- [Data for this exercise]
——————
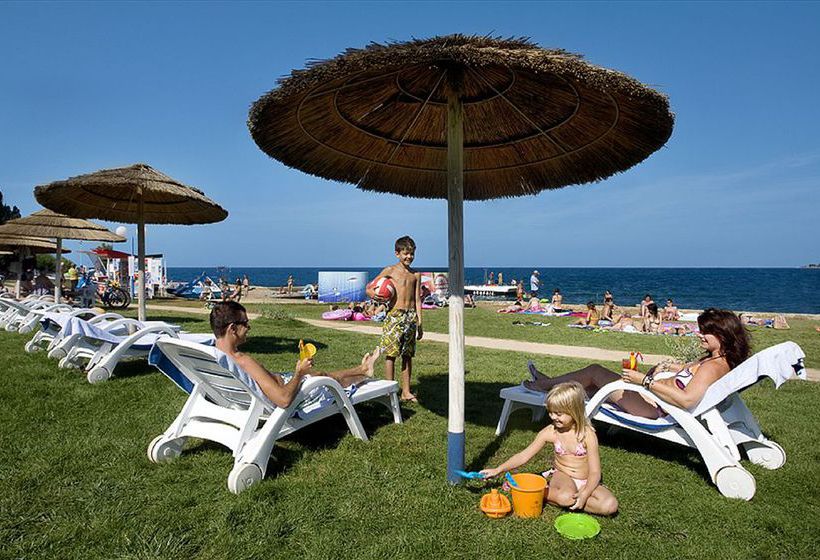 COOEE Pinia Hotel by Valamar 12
——————
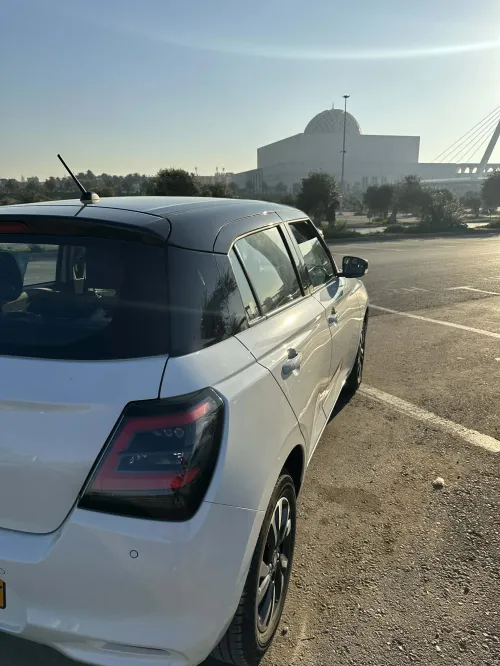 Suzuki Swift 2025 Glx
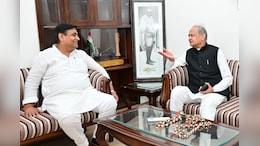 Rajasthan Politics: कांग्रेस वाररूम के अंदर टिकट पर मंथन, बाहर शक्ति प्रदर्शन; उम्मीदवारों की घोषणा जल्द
——————
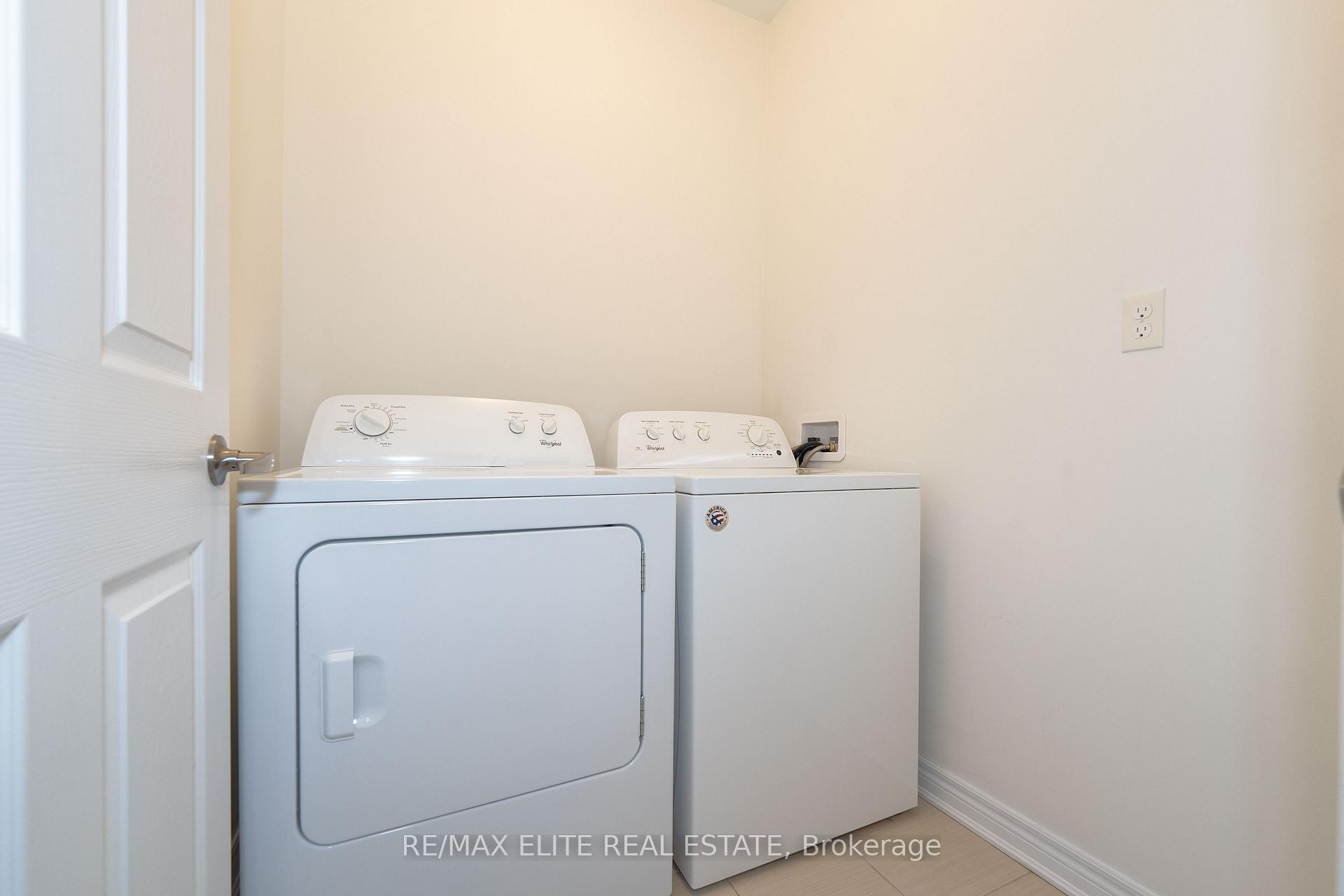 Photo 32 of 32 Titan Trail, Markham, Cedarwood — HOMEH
——————
- [Required action] Give back exactly the lines above that run from the one with "Suzuki Swift 2025 Glx" to the one with "Rajasthan Politics: कांग्रेस", including both, with the pictures left out.

- [Worked solution]
 Suzuki Swift 2025 Glx
 Rajasthan Politics: कांग्रेस वाररूम के अंदर टिकट पर मंथन, बाहर शक्ति प्रदर्शन; उम्मीदवारों की घोषणा जल्द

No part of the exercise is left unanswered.